Work order:
Go through the entries below line by line and count those containing "about"; the answer is that count alone.

----------------

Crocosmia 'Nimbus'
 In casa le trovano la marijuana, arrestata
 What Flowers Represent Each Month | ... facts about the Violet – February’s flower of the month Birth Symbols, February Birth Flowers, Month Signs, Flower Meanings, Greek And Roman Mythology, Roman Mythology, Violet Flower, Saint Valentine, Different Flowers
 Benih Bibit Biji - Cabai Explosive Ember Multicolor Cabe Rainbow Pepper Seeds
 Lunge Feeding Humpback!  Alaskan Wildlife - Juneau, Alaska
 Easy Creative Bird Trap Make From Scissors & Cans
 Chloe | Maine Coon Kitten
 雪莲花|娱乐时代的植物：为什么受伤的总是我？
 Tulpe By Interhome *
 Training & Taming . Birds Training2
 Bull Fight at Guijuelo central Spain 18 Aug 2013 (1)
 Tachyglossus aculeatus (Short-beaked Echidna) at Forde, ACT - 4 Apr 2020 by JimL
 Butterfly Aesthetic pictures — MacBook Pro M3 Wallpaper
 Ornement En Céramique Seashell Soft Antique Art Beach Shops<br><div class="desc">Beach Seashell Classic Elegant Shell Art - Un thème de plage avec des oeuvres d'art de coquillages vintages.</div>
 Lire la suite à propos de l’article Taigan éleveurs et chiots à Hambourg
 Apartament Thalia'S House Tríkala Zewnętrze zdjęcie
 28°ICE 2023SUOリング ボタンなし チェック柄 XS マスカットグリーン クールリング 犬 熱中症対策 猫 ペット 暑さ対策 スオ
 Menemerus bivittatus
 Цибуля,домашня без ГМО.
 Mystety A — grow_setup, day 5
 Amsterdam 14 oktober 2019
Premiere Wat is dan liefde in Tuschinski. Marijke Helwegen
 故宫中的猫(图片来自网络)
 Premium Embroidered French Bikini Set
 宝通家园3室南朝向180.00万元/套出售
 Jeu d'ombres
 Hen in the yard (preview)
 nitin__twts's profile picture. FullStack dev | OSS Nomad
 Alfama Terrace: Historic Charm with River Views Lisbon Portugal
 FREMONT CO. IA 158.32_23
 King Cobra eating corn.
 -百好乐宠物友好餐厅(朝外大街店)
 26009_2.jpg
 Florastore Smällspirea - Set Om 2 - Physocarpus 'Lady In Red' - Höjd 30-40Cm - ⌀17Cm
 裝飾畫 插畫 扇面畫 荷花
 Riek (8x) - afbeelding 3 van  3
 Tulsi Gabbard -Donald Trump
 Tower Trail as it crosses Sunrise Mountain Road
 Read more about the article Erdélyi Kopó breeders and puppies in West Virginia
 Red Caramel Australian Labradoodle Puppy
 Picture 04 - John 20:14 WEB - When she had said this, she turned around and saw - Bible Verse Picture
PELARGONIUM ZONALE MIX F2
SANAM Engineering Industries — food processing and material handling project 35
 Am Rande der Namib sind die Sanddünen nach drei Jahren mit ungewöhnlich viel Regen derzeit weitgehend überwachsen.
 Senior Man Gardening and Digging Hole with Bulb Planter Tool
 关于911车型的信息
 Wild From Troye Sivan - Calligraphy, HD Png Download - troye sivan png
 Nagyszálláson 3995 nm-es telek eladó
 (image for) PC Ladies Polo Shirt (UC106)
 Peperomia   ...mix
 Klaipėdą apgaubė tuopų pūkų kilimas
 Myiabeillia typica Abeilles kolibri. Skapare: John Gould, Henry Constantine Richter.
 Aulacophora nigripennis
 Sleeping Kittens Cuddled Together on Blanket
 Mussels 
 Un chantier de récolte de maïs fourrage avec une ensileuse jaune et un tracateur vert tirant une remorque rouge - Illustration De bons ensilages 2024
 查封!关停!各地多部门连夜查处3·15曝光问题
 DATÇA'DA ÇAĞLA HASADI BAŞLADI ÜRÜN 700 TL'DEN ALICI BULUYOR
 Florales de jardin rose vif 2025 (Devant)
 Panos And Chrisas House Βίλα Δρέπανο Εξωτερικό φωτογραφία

----------------

Problem solution:
2